# Not getting smoke flavor infused into meat



## max-paul (Mar 14, 2012)

Been lurking and reading for about a year now. My lovely wife gave me permission to pick up a WSM 22.5". UPS delivered it Friday and when I got home I quickly put it together and she had fore sight to get some hamburger to smoke up for dining. The hamburger was on for about 1 hour when the internal temp got up to 165. The meat has a good but light smoke flavor to it and I was very happy with the fist results. So Sunday about 4AM I load up the charcoal ring full of lump as I did Friday (ok some was saved from Friday burn). Staggered in my hickory chunks (about 6 large chunks). Put the meat, a beef brisket on about 6AM. Held abt 230 till about noon. Then it started to drop, so added some more lump. From this point on I dropped to 210 and climbed back up to about 250. When the meat got to about 190 IT I pulled it and put it into foil, adding about 1/2 cup of apple juice and back on the smoker. At 6PM IT is 205 degrees. Didnt have time to let it rest before serving. But the meat was falling apart while trying to cut it. It was everything I had hoped for, but for one things. It did not have any smoke flavor to speak of. Yes the next day I could just barely taste something, but again, not like the burgers that we had two nights before. And even then it was light flavored.

Both smokes the top vent was wide open. And all three of the lower intake vents where about 1/4 open. Well Sunday I was anywhere between 1/2 open on all 3 to having 2 closed and the 3rd about 1/4 open.

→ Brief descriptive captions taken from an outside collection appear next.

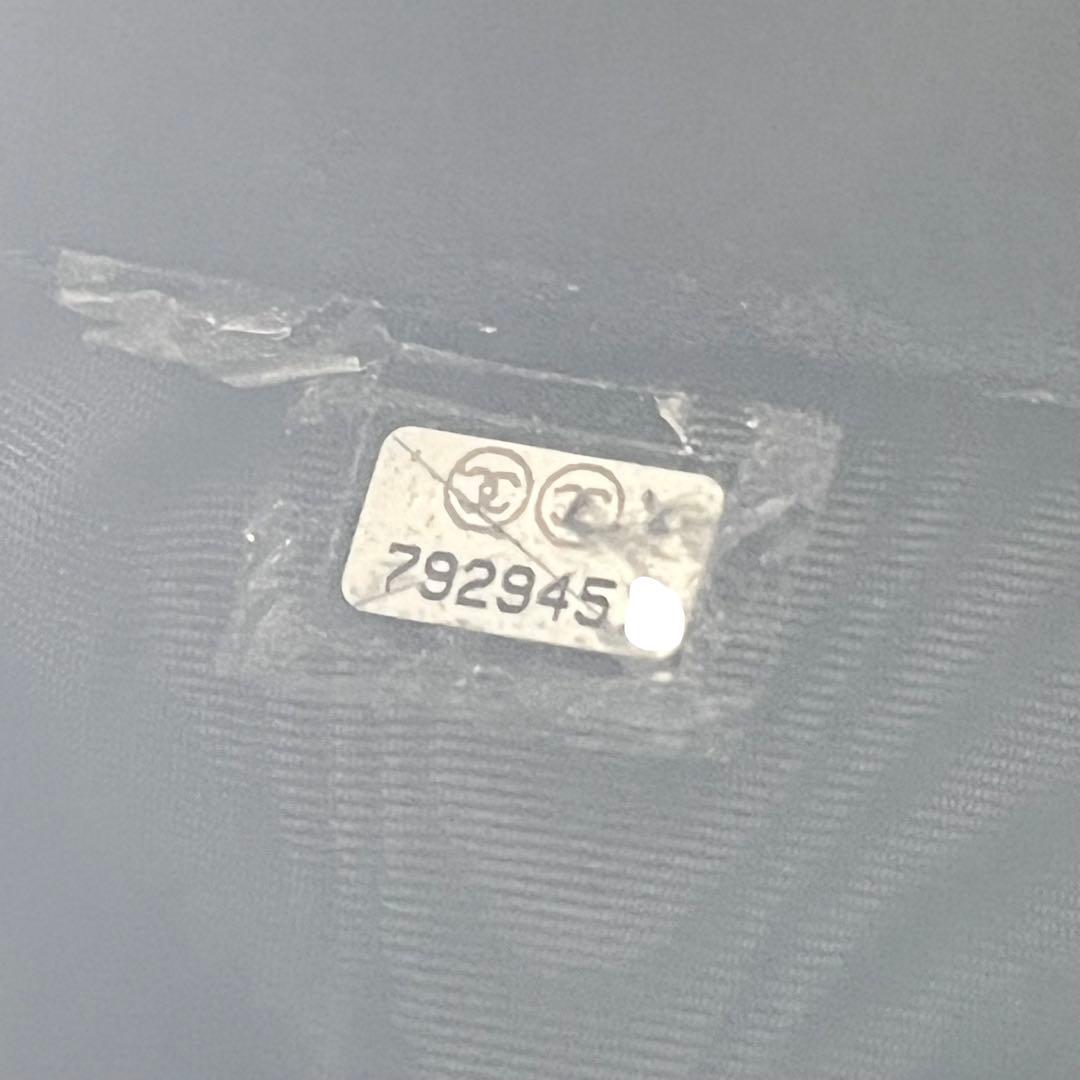 CHANEL 二つ折り財布 ココマーク キャビアスキン Wホック カード、箱付き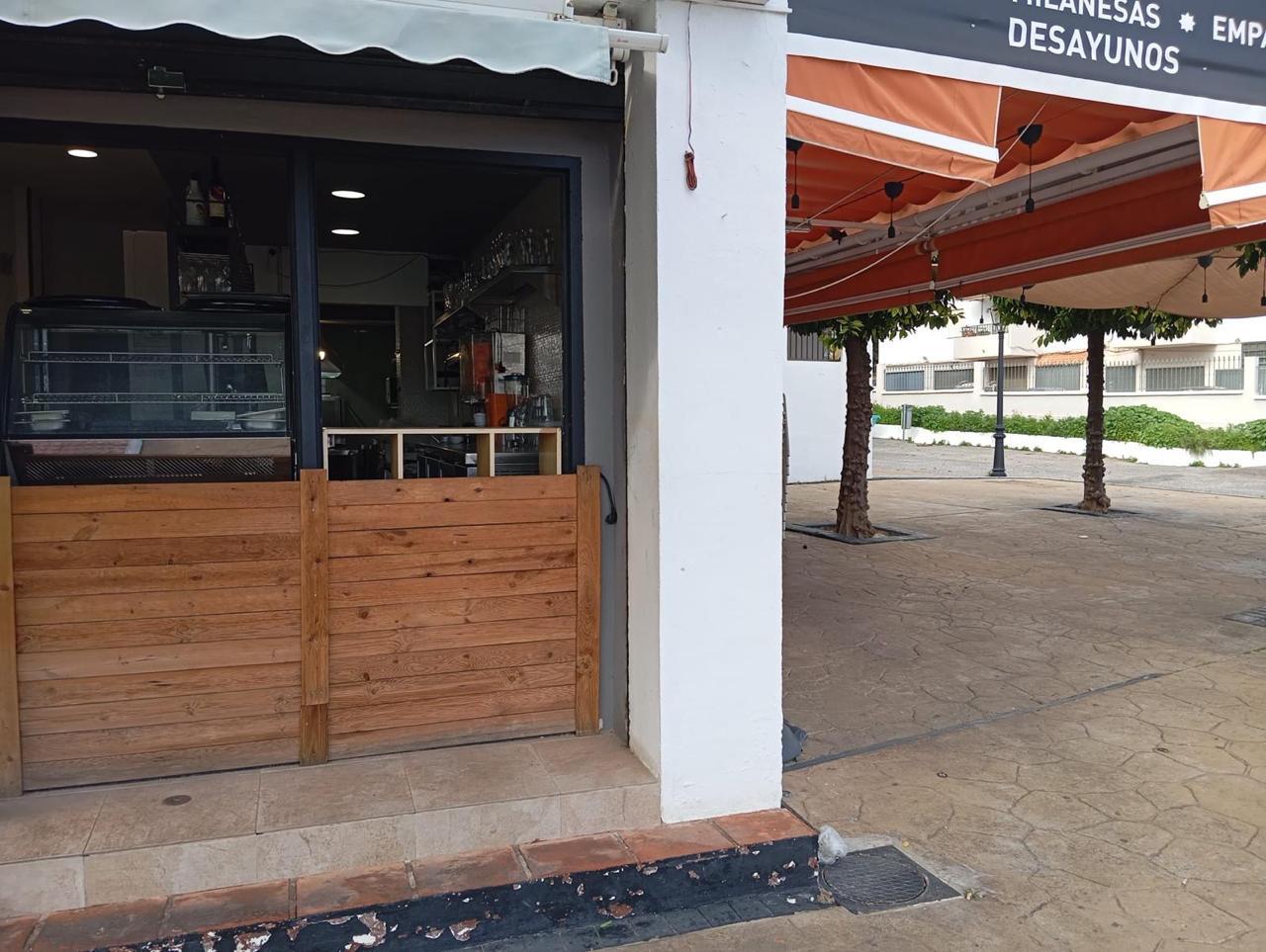 Traspaso de hamburguesería con salida de humos y gran terraza en Torremolinos - 10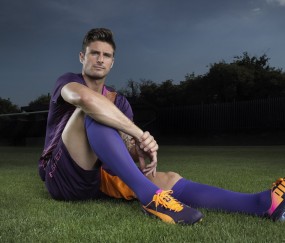 爱游戏-田径赛场焦点！法国队对阵比利时队，核心球员受伤，球队前景蒙阴影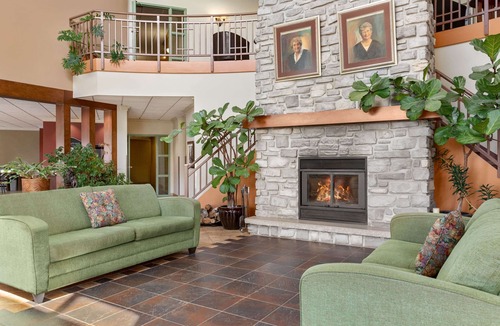 Montmagny Hotel | Days Inn by Wyndham Montmagny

Why, can one day get a decent smoke flavor and the next day nothing? All of the hickory chunks came from the same bag. The Lump charcoal was same brand (royal oak) but different bags.

Thanks


----------



## chef jimmyj (Mar 14, 2012)

I really think you get desensitized to the flavor of Smoke the longer you smell it...I just finished a 10 hour smoke of Cheese , Bacon and Tasso...I could not tell how if there was a little or a lot of smoke on the product...But I sure am looking forward to Breakfast in a couple of days!...JJ


----------



## puddy (Mar 14, 2012)

Chef JimmyJ said:


> I really think you get desensitized to the flavor of Smoke the longer you smell it...I just finished a 10 hour smoke of Cheese , Bacon and Tasso...I could not tell how if there was a little or a lot of smoke on the product...But I sure am looking forward to Breakfast in a couple of days!...JJ




Agree 100% the smoke flavor is for your guests, you get to enjoy the aroma for 10 hours.


----------



## max-paul (Mar 14, 2012)

Gentlemen,

I could taste a hint of something the next day. And I just had some tonight, 3 days later. And still there is a hint of something. No, I don't think it is a case of being desensitized by smelling the smoke on and off all day Sunday. Just something is not coming together right, and hoped that someone had seen this and had a suggestion of something to look for.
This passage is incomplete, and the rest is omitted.